Friday, October 12, 2012

Blog # 7 Dont Give that Child a Dollar
By: Mark McDonald for the New York Times

In Southeast Asia especially Siem Reap, Cambodian children's groups and aid workers are worried about children dressed in tattered clothing and with sad faces begging tourist for money but children's groups and aid workers are against tourist handouts because they believe they keep children out of school and enable child predators and perpetuate familial cycles of poverty. When crops or businesses fail, impoverished families send their children to tourit spots o beg for money. Parents begin to see this money as income and don't make an effort to find work and begging is seen as work and children don't go to school. A popular scam is calle the Baby Milk Scam. It is where children hang around convience stores and kids come around carrying dirty faced babies ( rumor has it that some of the babies may be drugged to seem lethargic) and the child begs for infant formula and tourist by it for 12 dollars and the child turns around and sells it back for 12 dollars.

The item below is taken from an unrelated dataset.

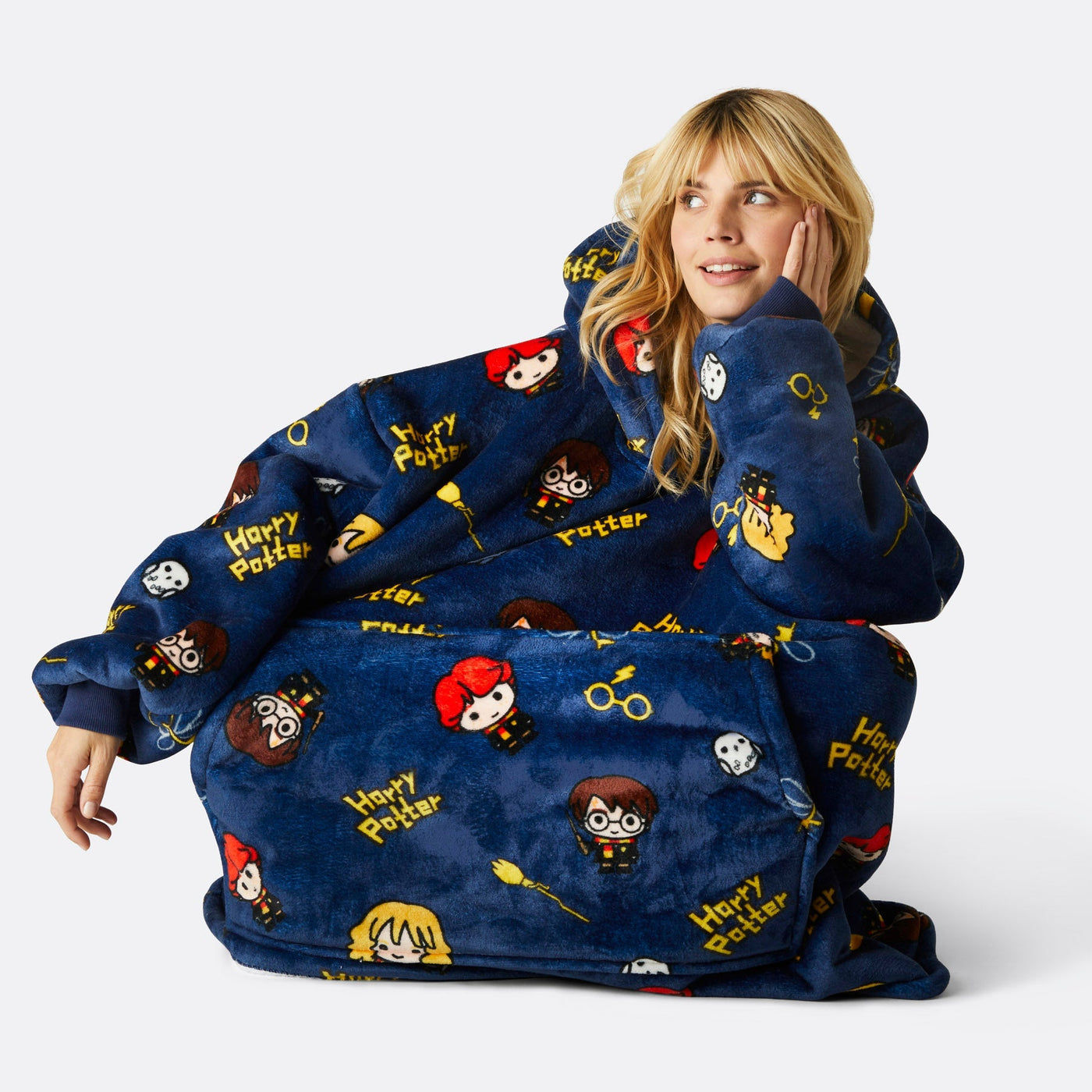Harry Potter Blauw HappyHoodie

The U.N and aid groups introduced a campaign in Cambodia last year called "Think Twice" with the motto "Let Parents earn and children learn". Special attention needs to be placed on why crops and businesses fail and parents feel that their only means of support is their children begging. It is not fair to say that parents just don't want to find jobs. What if they are just not there? The governement should try to create more services for these families so they want resort to begging tourist for money.